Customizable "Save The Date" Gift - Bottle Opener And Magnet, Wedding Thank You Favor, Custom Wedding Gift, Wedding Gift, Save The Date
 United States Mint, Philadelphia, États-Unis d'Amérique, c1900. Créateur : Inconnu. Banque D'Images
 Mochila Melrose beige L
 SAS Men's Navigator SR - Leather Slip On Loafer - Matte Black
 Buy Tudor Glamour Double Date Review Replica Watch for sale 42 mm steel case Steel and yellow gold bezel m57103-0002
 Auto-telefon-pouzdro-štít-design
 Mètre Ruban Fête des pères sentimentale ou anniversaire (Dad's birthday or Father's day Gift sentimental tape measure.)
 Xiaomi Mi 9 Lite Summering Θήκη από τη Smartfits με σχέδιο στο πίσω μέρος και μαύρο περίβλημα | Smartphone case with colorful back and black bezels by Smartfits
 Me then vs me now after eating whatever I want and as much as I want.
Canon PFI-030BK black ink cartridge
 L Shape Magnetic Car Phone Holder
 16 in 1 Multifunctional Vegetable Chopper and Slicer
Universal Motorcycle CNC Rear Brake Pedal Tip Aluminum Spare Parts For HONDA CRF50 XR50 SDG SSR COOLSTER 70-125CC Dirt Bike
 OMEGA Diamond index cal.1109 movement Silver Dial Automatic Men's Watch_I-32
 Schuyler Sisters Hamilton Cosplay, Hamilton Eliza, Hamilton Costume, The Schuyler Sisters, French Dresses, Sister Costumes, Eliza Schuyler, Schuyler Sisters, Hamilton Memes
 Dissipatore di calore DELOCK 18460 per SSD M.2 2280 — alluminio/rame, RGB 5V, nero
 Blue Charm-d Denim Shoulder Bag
•••••
--- WHAT THIS TASK INVOLVES ---
Write the "Auto-telefon-pouzdro-štít-design" line and all later lines exactly. Stop at the end of the data.

--- RESPONSE ---
 Auto-telefon-pouzdro-štít-design
 Mètre Ruban Fête des pères sentimentale ou anniversaire (Dad's birthday or Father's day Gift sentimental tape measure.)
 Xiaomi Mi 9 Lite Summering Θήκη από τη Smartfits με σχέδιο στο πίσω μέρος και μαύρο περίβλημα | Smartphone case with colorful back and black bezels by Smartfits
 Me then vs me now after eating whatever I want and as much as I want.
Canon PFI-030BK black ink cartridge
 L Shape Magnetic Car Phone Holder
 16 in 1 Multifunctional Vegetable Chopper and Slicer
Universal Motorcycle CNC Rear Brake Pedal Tip Aluminum Spare Parts For HONDA CRF50 XR50 SDG SSR COOLSTER 70-125CC Dirt Bike
 OMEGA Diamond index cal.1109 movement Silver Dial Automatic Men's Watch_I-32
 Schuyler Sisters Hamilton Cosplay, Hamilton Eliza, Hamilton Costume, The Schuyler Sisters, French Dresses, Sister Costumes, Eliza Schuyler, Schuyler Sisters, Hamilton Memes
 Dissipatore di calore DELOCK 18460 per SSD M.2 2280 — alluminio/rame, RGB 5V, nero
 Blue Charm-d Denim Shoulder Bag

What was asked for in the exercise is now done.